Tampoco importaba que las heladas de diciembre o enero pudieran arruinar lo sembrado. Aunque Texcaltitlán es una zona de temporales inciertos, la única certeza es que todos pagarían por una hipotética cosecha. O eso creyó el cártel.
Lo demás es bien sabido: el 8 de diciembre, los campesinos rodearon al jefe de plaza de Texcaltitlán, Rigoberto Sancha, El Payaso, y lo asesinaron junto a ocho gatilleros.
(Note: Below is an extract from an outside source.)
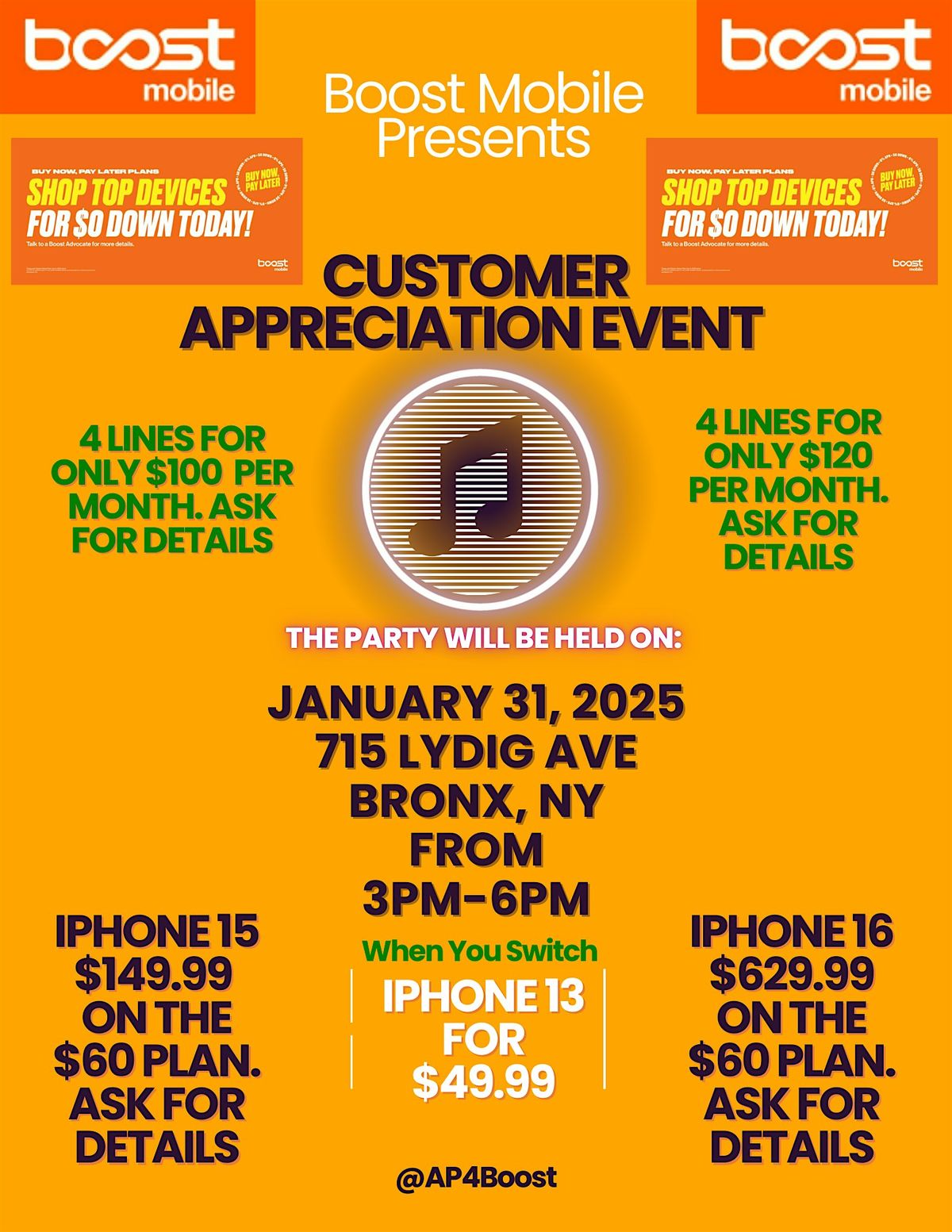 Join us for our Customer Appreciation Event! Great deal on many devices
En la revuelta, también murieron tres pobladores. Y aunque el gobierno federal ordenó una ocupación militar en el pueblo para evitar una venganza, La Compañía puso retenes para secuestrar a inocentes y tiene, al menos, nueve rehenes, entre ellos hay cuatro menores de edad, a quienes pretende intercambiar por los pobladores que dieron muerte a sus cómplices.
Hoy, Texcaltitlán tiene una certeza y una duda. La primera es que hoy sabe que el crimen organizado coopta poco a poco a cualquier pueblo y la pesadilla empieza con cobros aparentemente inofensivos, como 100 pesos.
La incertidumbre es no saber cómo amanecerá el próximo 1 de enero, día marcado en el calendario como la fiesta en honor al Señor de Chalma, una de las más importantes de la comunidad.
En otros años se festejaría en las calles, con algarabía. Este 2024, la mayoría estará pertrechada en sus casas orando para recibir un Año Nuevo que no esté cargado de miedo, desasosiego y nuevos impuestos criminales.